Sholto Johnstone Douglas was born in
Edinburgh and studied in
Paris, Antwerp and at the Slade School of Fine Art in London. His works
include the painting of pictures of "dazzle" ships during the first world war and
fifty-two of these paintings are in the Imperial War Museum. He lived in
France from 1926 to 1939 when he did some landscape work in the
Provencal area so this work may stem from that time.
Note that he was a member of
the well known Scottish family that included John Sholto Douglas, 8th
Marquess of Queensbury (1844-1900) who devised the rules for boxing. He
was the son of Arthur Henry Johnstone Douglas of Lockerbie (1846-1923).
Arthur, in turn, was the son of Robert Johnstone Douglas of Lockerbie.
Robert was the son of Henry Alexander Douglas, brother of the 6th and
7th Marquesses of Queensberry. Robert's wife, Lady Jane Douglas
(1811-1881) , was the daughter of Charles Douglas, 6th Marquess of
Queensberry. Hence, the grandparents of Sholto Johnstone Douglas, were
both members of the Queensberry family and, in fact, first cousins (this
information was contributed by another descendant).
An obituary of Sholto Douglas appeared
in The Times newspaper in March 1958. To quote some extracts from this:
"He was also a man who, in human
terms, led a long life notable for its unassuming expression of
civilized values. As a portrait painter he may be said to have belonged
to the period of Sargent. But his vision and style were his own.
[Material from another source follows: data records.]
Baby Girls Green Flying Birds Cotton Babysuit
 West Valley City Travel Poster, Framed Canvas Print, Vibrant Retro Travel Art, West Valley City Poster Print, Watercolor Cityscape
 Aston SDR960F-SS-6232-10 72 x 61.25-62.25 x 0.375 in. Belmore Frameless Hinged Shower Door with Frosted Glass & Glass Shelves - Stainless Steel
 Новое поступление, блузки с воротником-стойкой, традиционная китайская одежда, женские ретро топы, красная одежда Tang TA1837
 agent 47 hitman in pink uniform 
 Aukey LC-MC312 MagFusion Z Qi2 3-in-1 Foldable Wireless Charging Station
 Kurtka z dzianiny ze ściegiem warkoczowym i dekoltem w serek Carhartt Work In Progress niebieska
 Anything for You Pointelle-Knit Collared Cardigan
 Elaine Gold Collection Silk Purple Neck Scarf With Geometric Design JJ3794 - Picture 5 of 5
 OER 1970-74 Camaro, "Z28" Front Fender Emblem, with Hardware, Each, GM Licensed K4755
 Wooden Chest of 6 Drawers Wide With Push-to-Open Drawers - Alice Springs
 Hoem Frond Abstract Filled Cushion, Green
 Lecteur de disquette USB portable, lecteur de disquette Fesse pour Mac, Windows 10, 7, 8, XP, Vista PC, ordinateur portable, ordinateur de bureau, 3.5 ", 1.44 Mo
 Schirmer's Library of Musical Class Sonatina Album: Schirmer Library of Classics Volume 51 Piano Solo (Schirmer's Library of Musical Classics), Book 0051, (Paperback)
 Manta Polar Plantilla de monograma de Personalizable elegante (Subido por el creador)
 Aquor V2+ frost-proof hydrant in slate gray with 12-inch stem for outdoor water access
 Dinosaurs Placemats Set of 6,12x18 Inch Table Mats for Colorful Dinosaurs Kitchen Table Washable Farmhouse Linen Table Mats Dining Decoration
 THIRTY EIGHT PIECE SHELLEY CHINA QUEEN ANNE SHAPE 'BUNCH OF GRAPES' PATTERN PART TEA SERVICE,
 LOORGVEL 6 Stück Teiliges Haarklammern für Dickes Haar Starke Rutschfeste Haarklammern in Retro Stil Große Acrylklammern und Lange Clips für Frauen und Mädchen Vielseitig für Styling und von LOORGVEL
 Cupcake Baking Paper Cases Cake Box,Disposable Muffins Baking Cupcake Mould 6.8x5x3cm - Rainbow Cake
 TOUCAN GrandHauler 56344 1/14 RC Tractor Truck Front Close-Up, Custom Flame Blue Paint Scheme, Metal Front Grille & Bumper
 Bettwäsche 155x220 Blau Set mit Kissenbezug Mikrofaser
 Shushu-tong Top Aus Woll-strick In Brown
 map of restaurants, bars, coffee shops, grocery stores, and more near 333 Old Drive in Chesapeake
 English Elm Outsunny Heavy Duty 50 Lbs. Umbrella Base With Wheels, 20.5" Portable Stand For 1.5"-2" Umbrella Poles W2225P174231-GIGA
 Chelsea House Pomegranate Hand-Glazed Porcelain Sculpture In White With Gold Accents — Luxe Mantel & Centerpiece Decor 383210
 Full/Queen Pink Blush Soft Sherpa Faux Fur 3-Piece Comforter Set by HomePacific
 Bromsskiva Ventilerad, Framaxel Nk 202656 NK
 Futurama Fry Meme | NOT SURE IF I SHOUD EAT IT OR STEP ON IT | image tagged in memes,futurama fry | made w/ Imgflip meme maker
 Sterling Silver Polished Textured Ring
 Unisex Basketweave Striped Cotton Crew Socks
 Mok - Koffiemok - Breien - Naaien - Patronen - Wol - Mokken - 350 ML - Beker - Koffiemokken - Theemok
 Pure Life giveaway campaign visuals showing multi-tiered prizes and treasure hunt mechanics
Incidentally, he made Royal Academy history by introducing for the first
time a motor car to its walls. But his enduring works will perhaps be
his landscapes.....they portrayed, with a truly poetic sense of
atmosphere, the subtle half-tones of his native countryside...with its
tenuous greys and blues. Here in Scotland he was at home, not merely as
a painter but as a sportsman, going out after geese, sailing his
home-made sand-yacht at frightening speeds over the Merse, riding on
horseback over the Lowland country, and looking after the ponies which
he brought back with him from a trip to Iceland."